Task:
Write out the records again exactly and exclude the pictures.

Records shown:
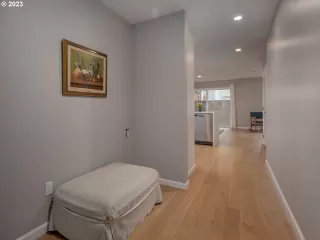 Photo #3: 23278240 Listing 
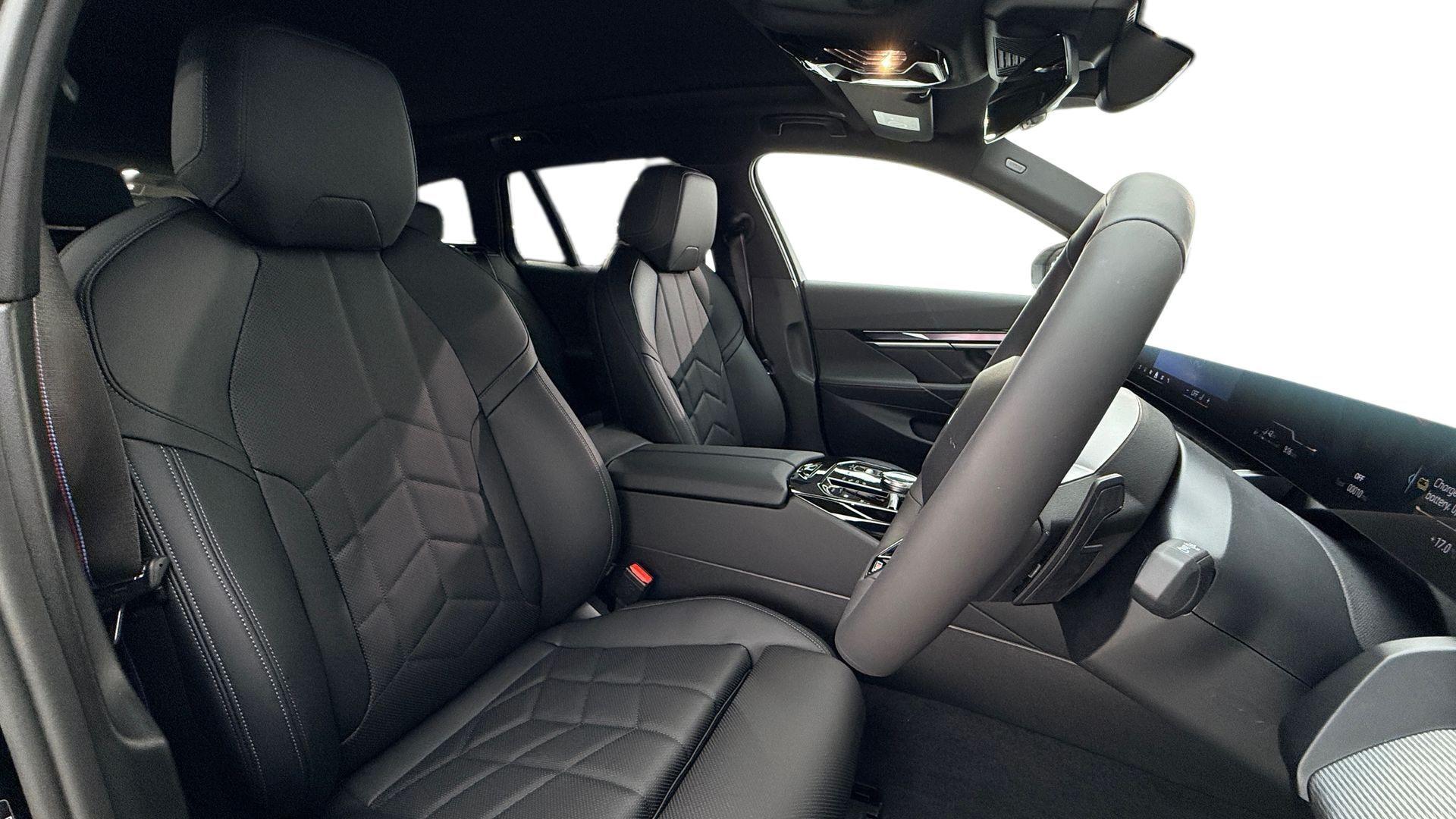BMW 5 Series view 11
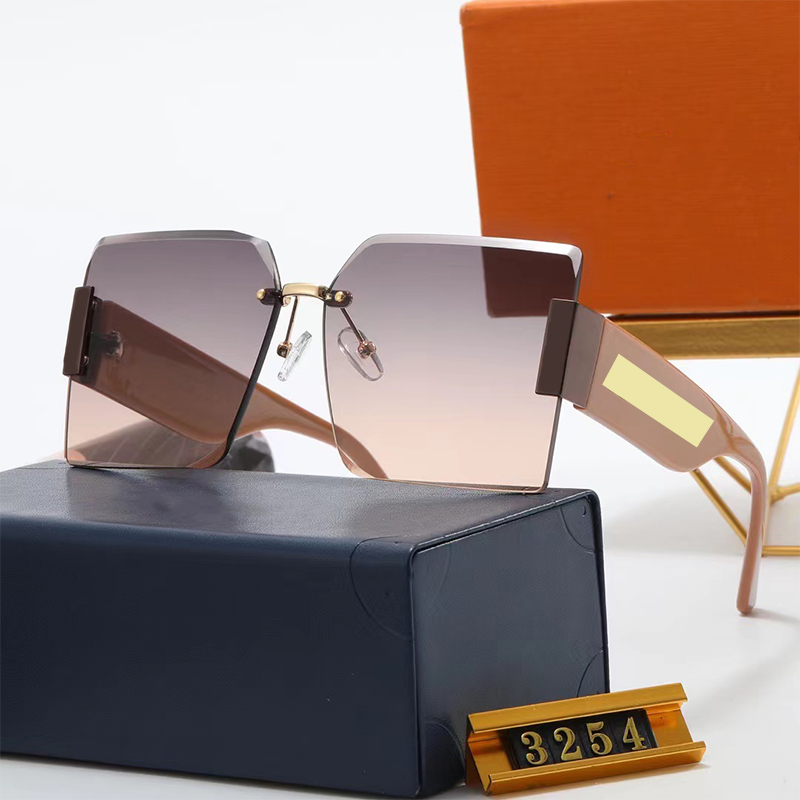 Luxury Sunglasses For Women with Letter Designer Brand Sun Glasses Women Men Unisex Traveling Sunglass Beach Adumbral
Luxury Sunglasses For Women with Letter Designer Brand Sun Glasses Women Men Unisex Traveling Sunglass Beach Adumbral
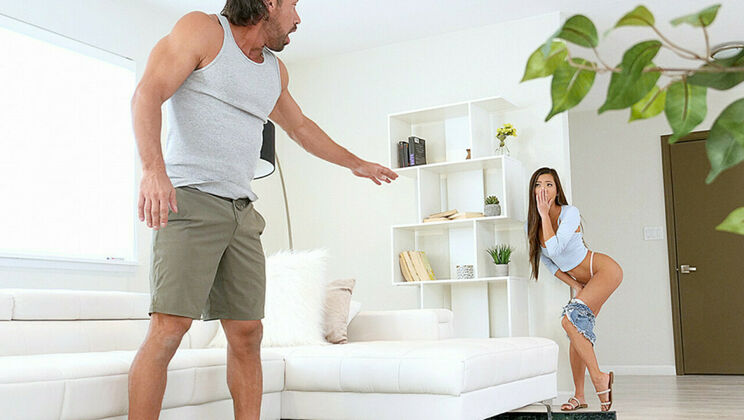 Spy Fam - Vina Sky - Stepbody To Stepbody Massage / 25.06.2021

Exercise result:
 Photo #3: 23278240 Listing 
BMW 5 Series view 11
 Luxury Sunglasses For Women with Letter Designer Brand Sun Glasses Women Men Unisex Traveling Sunglass Beach Adumbral
Luxury Sunglasses For Women with Letter Designer Brand Sun Glasses Women Men Unisex Traveling Sunglass Beach Adumbral
 Spy Fam - Vina Sky - Stepbody To Stepbody Massage / 25.06.2021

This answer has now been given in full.